What are the advantages of video in B2B marketing?
Video is now an integral part of marketing. It attracts more attention than other marketing channels, and it can help you distinguish your brand from your competitors.
According to a study conducted by Wyzowl, 87% of video marketing professionals stated that videos had had a positive impact on ROI (Return On Investment). The impact could be seen through the entire marketing cycle.
Participants reported that video helped them:
- Increase the number of website visitors
- Keep visitors on the site longer
- Increase click and conversion rates
- Educate customers on their products and services
- Generate leads
- Reduce the number of calls to technical support
In short, video created significant advantages before, during and after the sales process.
When can you use video in your B2B marketing strategy?
Videos targeted to end consumers can be fun and light because they’re meant to create an emotional connection. The purpose of B2B video is slightly different. Its primary goal is to educate the buyer using objective content that demonstrates your company’s value to their business.
The tone of your videos needs to be more professional and serious than B2C videos without being boring. Promotional videos can be a little more humorous and fun, as long as you don’t overdo it and your message is still clear.
Your marketing strategy can integrate different types of videos, including:
Company presentations: Videos are a great way to present company overviews to prospective customers or updates to employees. They help you increase brand awareness and reinforce your brand image.
Customer testimonials: A common B2B marketing strategy is to promote your company through storytelling, using satisfied customers to tell an engaging story about their experiences with you.
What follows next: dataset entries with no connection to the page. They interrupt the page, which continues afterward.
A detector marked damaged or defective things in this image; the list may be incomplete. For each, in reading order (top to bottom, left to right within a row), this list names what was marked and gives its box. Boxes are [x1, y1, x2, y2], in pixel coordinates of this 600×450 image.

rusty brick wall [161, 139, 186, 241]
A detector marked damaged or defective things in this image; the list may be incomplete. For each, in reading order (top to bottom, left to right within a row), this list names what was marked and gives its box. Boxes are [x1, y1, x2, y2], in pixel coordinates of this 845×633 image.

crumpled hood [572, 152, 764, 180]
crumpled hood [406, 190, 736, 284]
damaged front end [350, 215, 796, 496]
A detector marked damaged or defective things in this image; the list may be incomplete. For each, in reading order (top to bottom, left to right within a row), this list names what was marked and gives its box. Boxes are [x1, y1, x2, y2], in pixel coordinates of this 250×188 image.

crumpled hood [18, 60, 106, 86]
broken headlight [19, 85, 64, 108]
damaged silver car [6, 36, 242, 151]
Their feedback increases both awareness of your products and services and trust.
Product demonstrations: Many products come with instruction manuals. Some customers may be fine with that, but others may learn more from seeing how a product is set up, used or maintained.
Events: A great strategy to promote an event before it takes place, and to recap the event after it’s over.
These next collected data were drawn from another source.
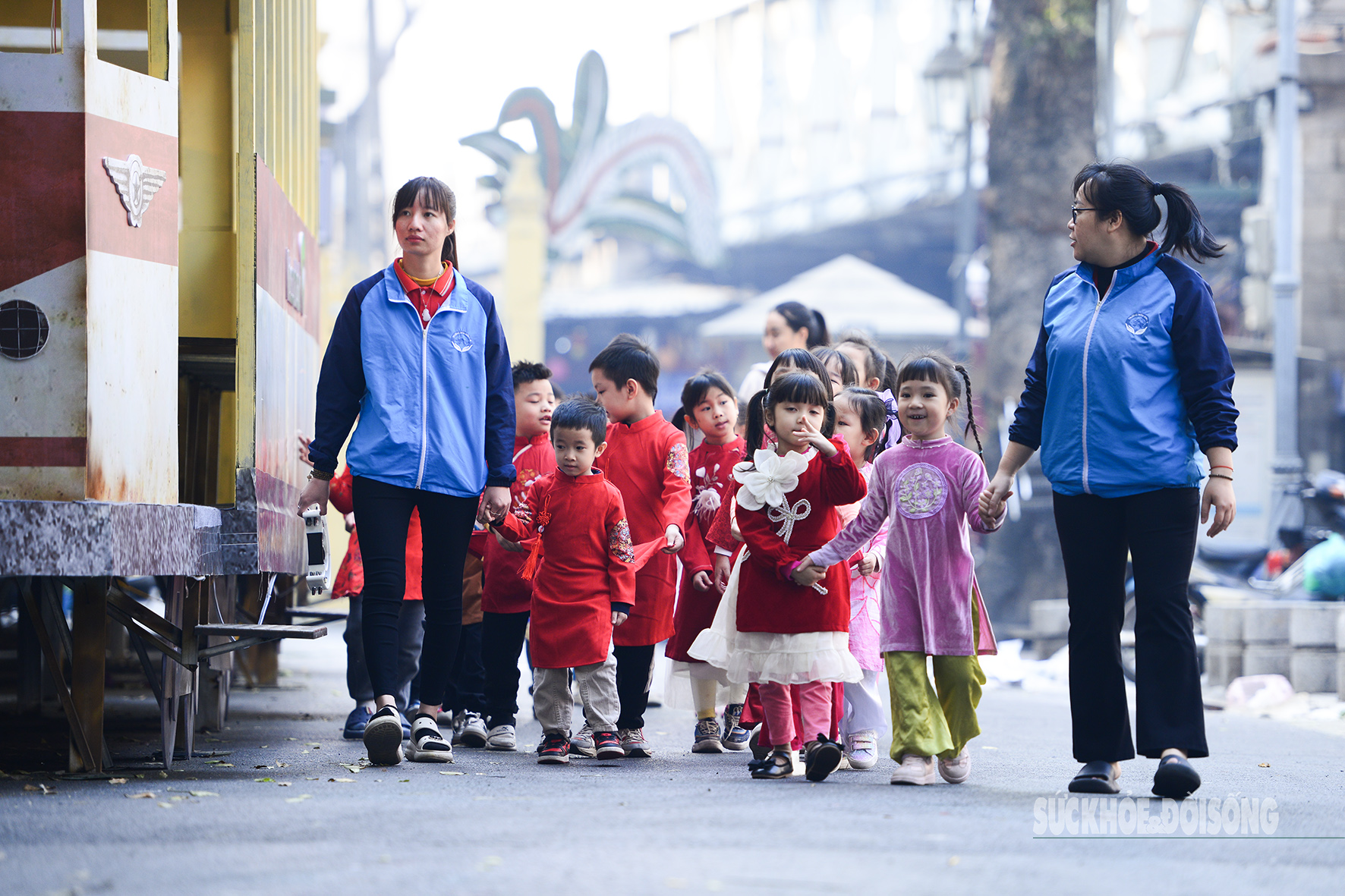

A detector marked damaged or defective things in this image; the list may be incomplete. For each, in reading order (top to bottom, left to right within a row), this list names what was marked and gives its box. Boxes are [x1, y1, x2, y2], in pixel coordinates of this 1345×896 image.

rusty metal surface [0, 498, 222, 577]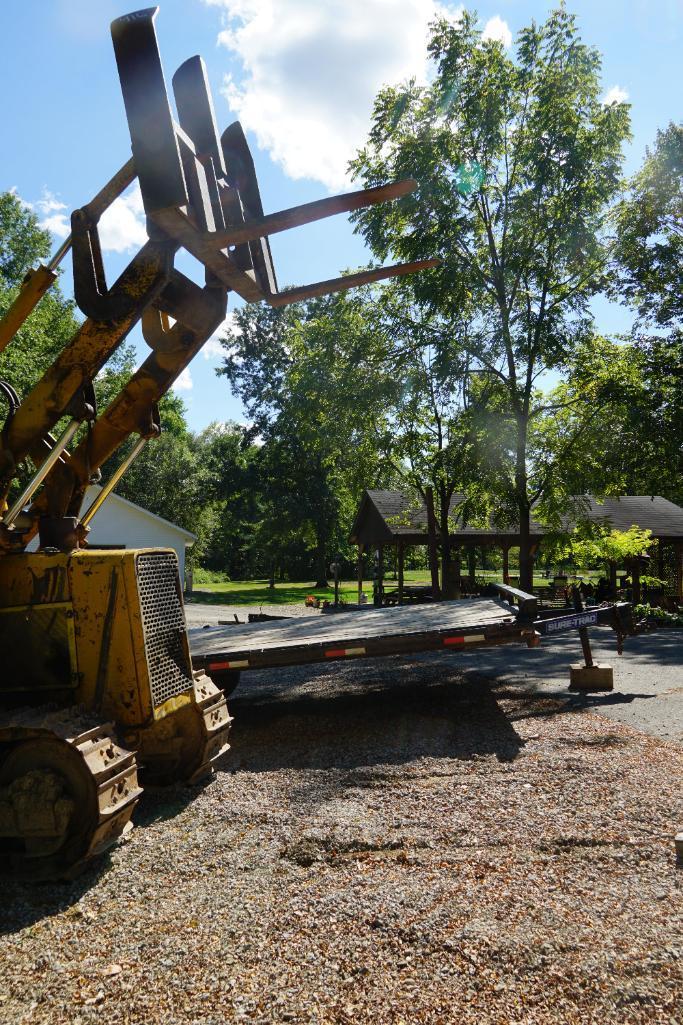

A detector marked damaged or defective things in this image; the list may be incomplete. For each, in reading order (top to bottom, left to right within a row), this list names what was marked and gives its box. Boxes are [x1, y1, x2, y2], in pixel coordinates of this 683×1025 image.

rusty machinery [0, 4, 438, 876]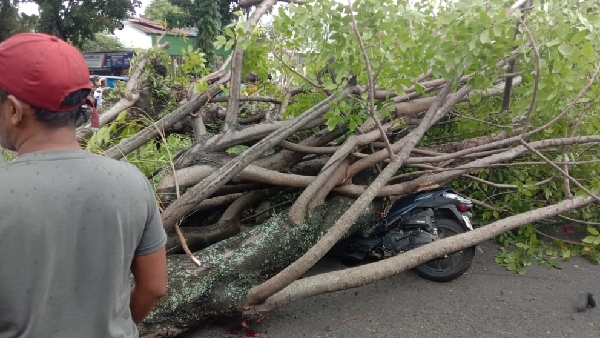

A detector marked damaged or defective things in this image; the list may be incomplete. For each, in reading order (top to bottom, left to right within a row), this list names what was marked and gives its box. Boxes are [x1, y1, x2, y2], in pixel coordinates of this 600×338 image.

rusty metal roof [129, 17, 195, 36]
Learning sessions: Replays of webinars and other online events are valuable to people who couldn’t attend the actual event but still want the information.
All these types of videos lend themselves particularly well to social media, where they can be easily shared by viewers. In fact, they can help you grow your follower base if you frequently post new video content. Cisco, for instance, posts about five videos each day and currently has more than 4 million followers on LinkedIn.
Why integrate subtitling with your video strategy?
The popularity of video content, combined with the ability to share with contacts all over the world, makes video a powerful B2B marketing channel. The only drawback? The video may not have the same impact on viewers who speak other languages.
Fortunately, professional subtitling is a quick and economical solution. It makes your video more accessible to multilingual audiences and puts your brand in front of more potential customers. Subtitles faithfully communicate the message in your video but are also adapted to ensure the tone and meaning resonate as much in other languages.
Subtitling is only one way to attract attention to your videos. As more and more people prefer to watch video with the sound off, closed captioning can go a long way toward attracting viewers (and potential customers) who speak your language.
Videos attract a lot of attention among consumers. As it turns out, it’s also a good channel for B2B marketing. When planning your marketing strategy, consider adding video to the mix.